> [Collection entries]
######
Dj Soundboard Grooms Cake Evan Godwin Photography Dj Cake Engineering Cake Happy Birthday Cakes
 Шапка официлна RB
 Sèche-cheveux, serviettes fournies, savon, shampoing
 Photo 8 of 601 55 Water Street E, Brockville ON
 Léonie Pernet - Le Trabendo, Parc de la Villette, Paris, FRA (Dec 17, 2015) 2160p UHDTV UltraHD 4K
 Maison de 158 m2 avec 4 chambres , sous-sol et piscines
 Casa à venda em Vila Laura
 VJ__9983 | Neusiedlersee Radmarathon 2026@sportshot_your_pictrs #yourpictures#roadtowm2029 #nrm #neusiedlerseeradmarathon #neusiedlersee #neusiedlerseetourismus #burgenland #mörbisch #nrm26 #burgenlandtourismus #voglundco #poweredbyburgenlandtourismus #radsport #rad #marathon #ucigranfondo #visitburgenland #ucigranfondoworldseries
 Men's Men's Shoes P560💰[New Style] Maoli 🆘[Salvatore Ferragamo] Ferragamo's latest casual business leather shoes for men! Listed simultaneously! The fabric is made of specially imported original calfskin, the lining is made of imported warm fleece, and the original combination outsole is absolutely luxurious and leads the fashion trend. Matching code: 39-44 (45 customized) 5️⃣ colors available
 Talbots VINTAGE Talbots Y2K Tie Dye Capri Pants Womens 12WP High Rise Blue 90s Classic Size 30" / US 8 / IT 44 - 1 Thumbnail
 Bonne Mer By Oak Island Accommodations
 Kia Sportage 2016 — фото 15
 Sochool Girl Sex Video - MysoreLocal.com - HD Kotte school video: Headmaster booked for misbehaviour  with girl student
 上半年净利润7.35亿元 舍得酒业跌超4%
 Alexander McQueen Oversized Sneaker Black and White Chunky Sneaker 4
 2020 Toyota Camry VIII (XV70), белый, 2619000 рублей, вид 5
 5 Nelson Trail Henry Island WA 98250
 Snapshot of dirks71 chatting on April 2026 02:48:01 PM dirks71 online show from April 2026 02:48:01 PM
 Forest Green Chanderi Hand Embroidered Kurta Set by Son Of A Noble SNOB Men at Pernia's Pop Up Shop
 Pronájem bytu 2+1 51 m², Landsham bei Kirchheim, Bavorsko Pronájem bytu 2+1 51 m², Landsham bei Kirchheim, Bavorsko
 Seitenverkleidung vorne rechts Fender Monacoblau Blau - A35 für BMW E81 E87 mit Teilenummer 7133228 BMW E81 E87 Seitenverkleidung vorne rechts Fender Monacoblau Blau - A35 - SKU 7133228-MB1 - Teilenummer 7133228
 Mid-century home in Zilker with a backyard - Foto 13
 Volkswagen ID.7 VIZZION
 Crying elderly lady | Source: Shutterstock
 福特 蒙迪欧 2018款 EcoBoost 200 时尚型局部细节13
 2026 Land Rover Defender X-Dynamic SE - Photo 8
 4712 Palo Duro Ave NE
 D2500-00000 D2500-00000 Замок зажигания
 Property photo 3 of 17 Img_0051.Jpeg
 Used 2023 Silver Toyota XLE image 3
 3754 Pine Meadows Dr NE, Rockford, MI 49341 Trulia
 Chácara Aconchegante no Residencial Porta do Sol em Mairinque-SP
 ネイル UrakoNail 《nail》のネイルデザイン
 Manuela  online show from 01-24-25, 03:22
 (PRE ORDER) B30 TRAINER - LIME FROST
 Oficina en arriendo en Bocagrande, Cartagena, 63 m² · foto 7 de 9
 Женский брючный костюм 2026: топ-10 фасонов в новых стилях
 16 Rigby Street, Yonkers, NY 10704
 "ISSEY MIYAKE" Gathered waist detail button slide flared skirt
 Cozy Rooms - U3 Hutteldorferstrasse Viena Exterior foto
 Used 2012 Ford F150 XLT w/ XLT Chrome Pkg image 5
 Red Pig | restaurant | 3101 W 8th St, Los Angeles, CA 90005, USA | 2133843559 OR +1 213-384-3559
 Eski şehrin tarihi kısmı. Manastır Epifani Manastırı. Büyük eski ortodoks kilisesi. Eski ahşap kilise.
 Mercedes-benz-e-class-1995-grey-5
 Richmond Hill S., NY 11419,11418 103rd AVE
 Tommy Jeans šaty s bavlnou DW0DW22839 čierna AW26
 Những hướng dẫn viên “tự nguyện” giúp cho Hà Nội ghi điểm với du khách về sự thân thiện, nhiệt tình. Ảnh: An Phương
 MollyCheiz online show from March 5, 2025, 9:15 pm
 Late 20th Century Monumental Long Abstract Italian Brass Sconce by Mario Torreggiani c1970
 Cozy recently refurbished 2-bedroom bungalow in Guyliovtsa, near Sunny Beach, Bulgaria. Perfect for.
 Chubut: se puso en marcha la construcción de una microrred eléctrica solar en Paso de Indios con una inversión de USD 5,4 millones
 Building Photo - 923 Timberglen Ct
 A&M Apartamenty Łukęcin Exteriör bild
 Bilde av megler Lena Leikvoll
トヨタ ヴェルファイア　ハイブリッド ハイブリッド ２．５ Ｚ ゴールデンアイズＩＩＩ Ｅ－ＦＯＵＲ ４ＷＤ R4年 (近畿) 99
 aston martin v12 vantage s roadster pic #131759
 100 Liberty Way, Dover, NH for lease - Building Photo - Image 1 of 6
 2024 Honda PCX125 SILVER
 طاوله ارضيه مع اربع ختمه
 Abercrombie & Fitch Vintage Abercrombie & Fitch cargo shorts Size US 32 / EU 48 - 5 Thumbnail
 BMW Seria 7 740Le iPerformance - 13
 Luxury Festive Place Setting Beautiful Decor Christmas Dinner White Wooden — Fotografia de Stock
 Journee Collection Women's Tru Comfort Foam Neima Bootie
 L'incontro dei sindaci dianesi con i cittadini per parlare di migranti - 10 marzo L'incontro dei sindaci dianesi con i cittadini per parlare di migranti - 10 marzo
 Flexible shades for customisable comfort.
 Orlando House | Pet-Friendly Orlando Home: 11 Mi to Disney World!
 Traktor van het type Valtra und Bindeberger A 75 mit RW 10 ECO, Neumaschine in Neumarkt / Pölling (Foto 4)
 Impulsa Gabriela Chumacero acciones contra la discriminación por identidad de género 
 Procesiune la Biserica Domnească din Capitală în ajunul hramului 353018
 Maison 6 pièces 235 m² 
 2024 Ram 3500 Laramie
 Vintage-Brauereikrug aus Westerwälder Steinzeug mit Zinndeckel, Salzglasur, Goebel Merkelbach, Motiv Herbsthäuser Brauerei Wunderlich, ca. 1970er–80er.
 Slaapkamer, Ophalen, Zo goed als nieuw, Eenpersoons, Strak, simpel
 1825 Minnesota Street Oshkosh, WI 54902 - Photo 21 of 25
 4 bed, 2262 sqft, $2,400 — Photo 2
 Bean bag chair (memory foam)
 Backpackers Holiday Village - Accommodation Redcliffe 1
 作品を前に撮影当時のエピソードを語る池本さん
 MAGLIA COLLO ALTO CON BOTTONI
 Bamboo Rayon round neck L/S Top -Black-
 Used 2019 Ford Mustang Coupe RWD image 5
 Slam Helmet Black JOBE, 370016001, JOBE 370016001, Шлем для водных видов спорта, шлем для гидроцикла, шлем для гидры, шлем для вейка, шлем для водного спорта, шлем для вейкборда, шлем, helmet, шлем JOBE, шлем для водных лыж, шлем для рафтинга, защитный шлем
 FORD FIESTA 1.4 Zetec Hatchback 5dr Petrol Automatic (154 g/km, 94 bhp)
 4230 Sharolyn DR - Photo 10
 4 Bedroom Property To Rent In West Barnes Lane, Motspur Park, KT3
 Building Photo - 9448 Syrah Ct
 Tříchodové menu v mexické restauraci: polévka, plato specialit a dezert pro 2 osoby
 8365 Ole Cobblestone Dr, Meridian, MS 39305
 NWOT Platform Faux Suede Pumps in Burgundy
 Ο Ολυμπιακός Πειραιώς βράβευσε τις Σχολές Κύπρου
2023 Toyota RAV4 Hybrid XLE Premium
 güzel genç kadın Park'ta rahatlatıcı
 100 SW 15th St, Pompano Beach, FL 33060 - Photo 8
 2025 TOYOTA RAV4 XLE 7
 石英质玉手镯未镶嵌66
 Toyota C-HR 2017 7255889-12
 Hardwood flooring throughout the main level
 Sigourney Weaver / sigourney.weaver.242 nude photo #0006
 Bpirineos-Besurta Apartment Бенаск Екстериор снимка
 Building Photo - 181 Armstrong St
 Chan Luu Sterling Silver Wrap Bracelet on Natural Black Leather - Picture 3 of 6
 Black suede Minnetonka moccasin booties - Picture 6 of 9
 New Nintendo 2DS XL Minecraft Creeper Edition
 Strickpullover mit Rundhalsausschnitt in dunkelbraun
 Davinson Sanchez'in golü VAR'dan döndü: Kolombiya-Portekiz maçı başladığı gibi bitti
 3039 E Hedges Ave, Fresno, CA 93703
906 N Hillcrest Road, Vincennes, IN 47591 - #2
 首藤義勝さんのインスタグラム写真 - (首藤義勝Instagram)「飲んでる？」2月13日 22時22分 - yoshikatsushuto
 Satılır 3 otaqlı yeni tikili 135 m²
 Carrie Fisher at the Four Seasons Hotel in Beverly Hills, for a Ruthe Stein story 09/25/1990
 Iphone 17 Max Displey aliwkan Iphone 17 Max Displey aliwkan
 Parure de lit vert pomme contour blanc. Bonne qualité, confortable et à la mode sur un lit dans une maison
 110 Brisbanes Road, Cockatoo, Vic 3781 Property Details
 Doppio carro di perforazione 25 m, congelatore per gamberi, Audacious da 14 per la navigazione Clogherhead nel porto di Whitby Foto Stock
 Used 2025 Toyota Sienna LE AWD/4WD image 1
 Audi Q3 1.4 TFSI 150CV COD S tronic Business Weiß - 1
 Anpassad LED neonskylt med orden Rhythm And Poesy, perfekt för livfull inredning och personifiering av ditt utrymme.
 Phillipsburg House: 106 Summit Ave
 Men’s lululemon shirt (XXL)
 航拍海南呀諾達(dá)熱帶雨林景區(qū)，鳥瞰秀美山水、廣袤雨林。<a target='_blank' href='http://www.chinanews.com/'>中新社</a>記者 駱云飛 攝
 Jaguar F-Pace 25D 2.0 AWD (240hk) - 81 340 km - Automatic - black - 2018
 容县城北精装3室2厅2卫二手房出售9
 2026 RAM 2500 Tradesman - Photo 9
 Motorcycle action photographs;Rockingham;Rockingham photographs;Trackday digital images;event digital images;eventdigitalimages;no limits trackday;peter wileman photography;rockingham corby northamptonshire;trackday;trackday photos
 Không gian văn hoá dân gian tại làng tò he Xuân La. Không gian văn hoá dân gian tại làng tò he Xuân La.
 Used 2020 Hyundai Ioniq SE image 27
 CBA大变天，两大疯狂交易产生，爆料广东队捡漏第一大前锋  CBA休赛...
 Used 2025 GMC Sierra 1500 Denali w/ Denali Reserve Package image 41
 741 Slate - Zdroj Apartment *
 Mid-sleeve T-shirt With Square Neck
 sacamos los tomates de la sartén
######
> [EXERCISE DETAILS] Only one stretch of the data above is needed. Restate it word for word, from the line containing "Chan Luu Sterling" through the line containing "906 N Hillcrest", both ends included.

> [FINISHED TASK]
 Chan Luu Sterling Silver Wrap Bracelet on Natural Black Leather - Picture 3 of 6
 Black suede Minnetonka moccasin booties - Picture 6 of 9
 New Nintendo 2DS XL Minecraft Creeper Edition
 Strickpullover mit Rundhalsausschnitt in dunkelbraun
 Davinson Sanchez'in golü VAR'dan döndü: Kolombiya-Portekiz maçı başladığı gibi bitti
 3039 E Hedges Ave, Fresno, CA 93703
906 N Hillcrest Road, Vincennes, IN 47591 - #2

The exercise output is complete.